**Directions:** Find the line with "Peak Finding Algorithm" in the records below, then please transcribe it and every later line exactly, omitting the pictures and adding nothing.

**Information:**
------------------------------------------------------------------------

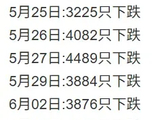 [转载]央行出手了，多家热门股提示风险了，美股道指又新高了！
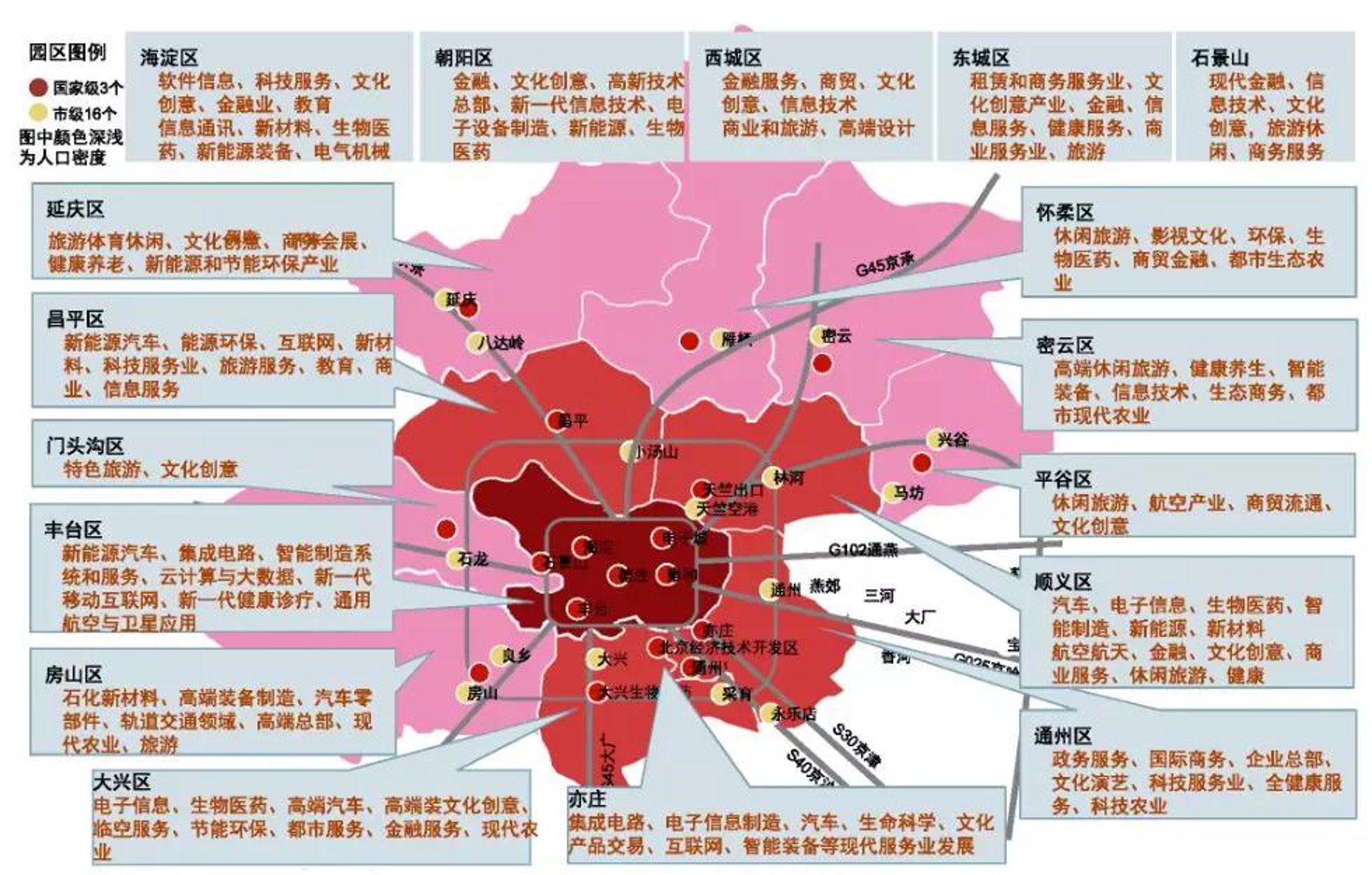 清鼻堂健康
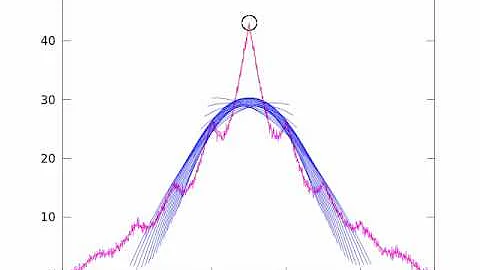 Peak Finding Algorithm in Action on Noisy Data (Data Set 5, Trial 2)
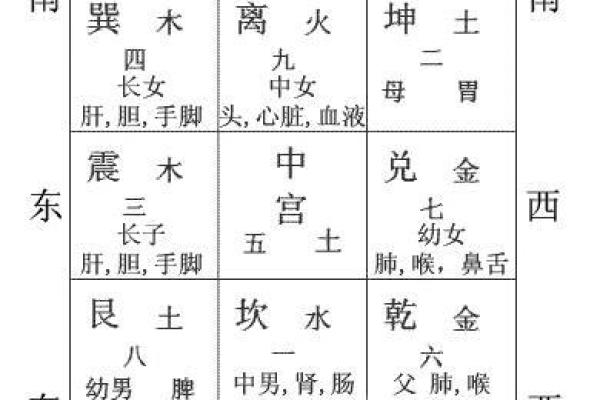 今日鼠运势:趋吉避凶,掌握成功机会 今日鼠运势:趋吉避凶,掌握成功机会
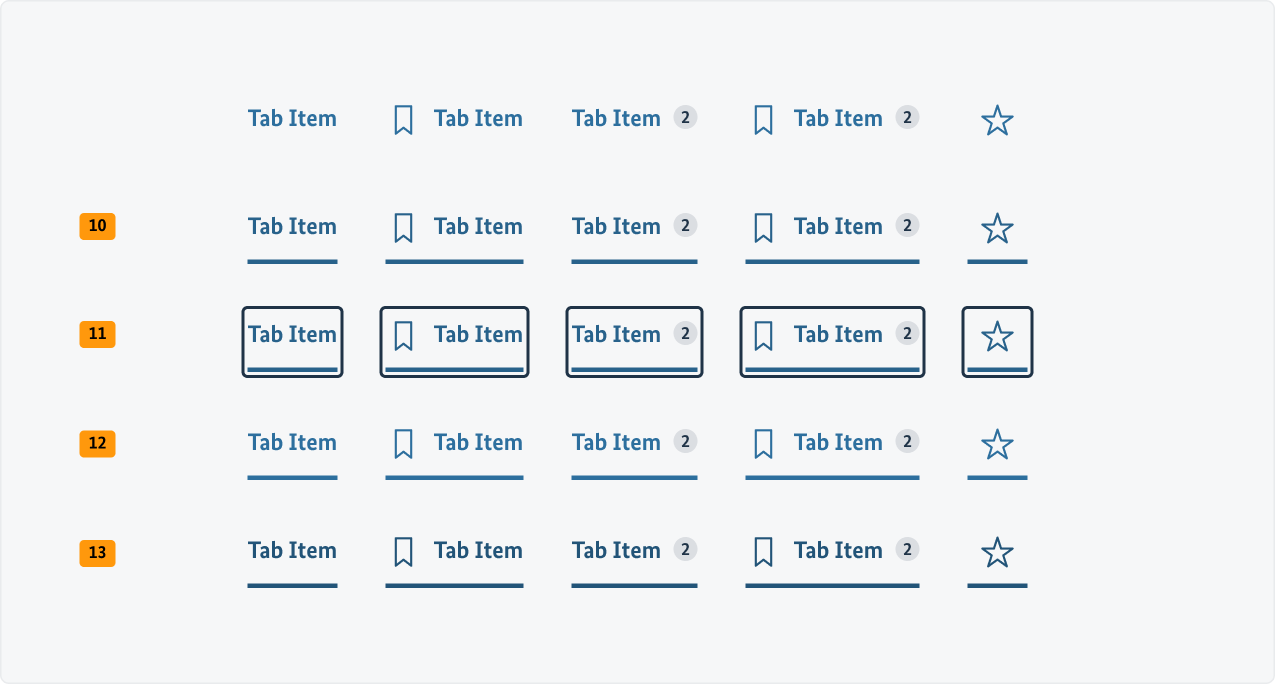 Visualisierung der CSS-Regeln zu Ziffer 10 bis 12 aus der folgenden Tabelle.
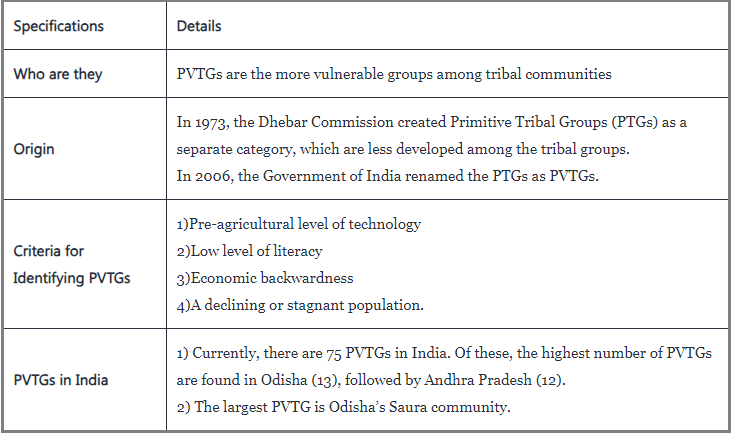 Particularly Vulnerable Tribal Groups (PVTG)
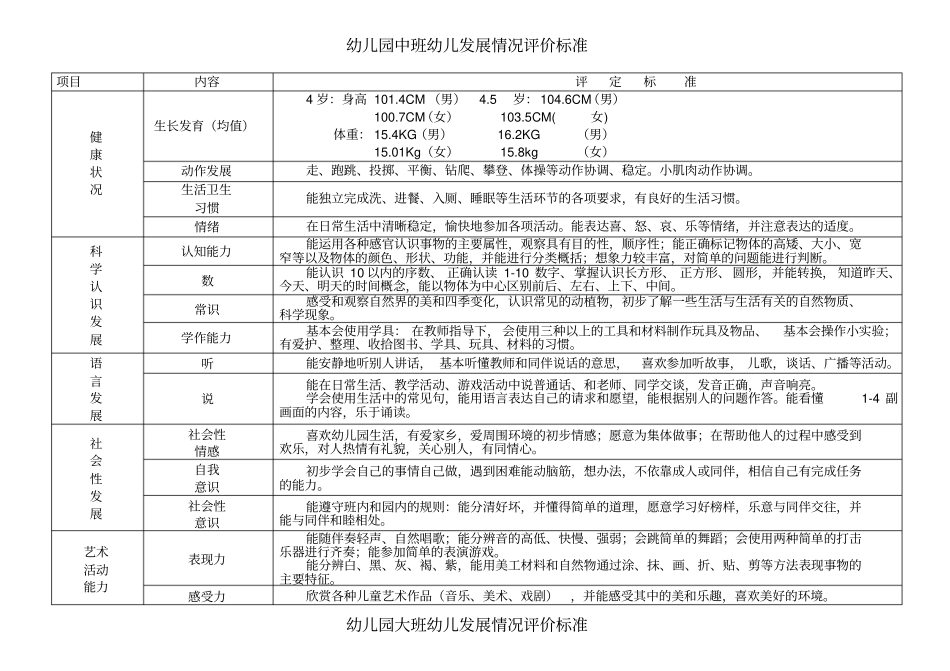 幼儿园小中大班幼儿发展情况评定标准_第2页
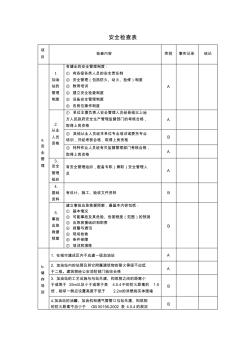 加油站安全检查表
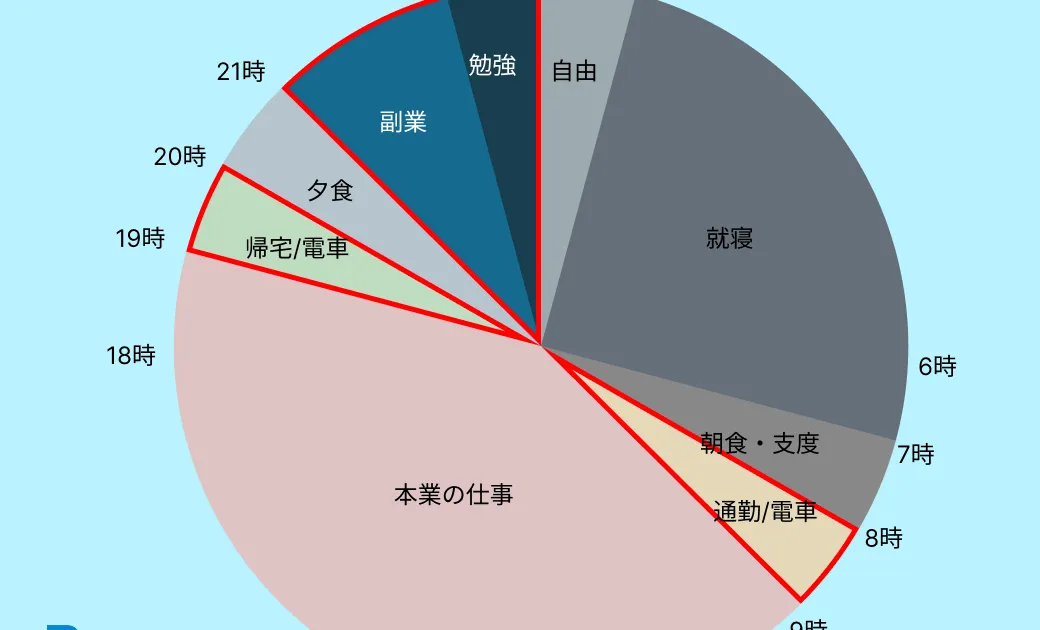 仕事をしながらでも受講は大丈夫？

------------------------------------------------------------------------

**Response to this task:**
 Peak Finding Algorithm in Action on Noisy Data (Data Set 5, Trial 2)
 今日鼠运势:趋吉避凶,掌握成功机会 今日鼠运势:趋吉避凶,掌握成功机会
 Visualisierung der CSS-Regeln zu Ziffer 10 bis 12 aus der folgenden Tabelle.
 Particularly Vulnerable Tribal Groups (PVTG)
 幼儿园小中大班幼儿发展情况评定标准_第2页
 加油站安全检查表
 仕事をしながらでも受講は大丈夫？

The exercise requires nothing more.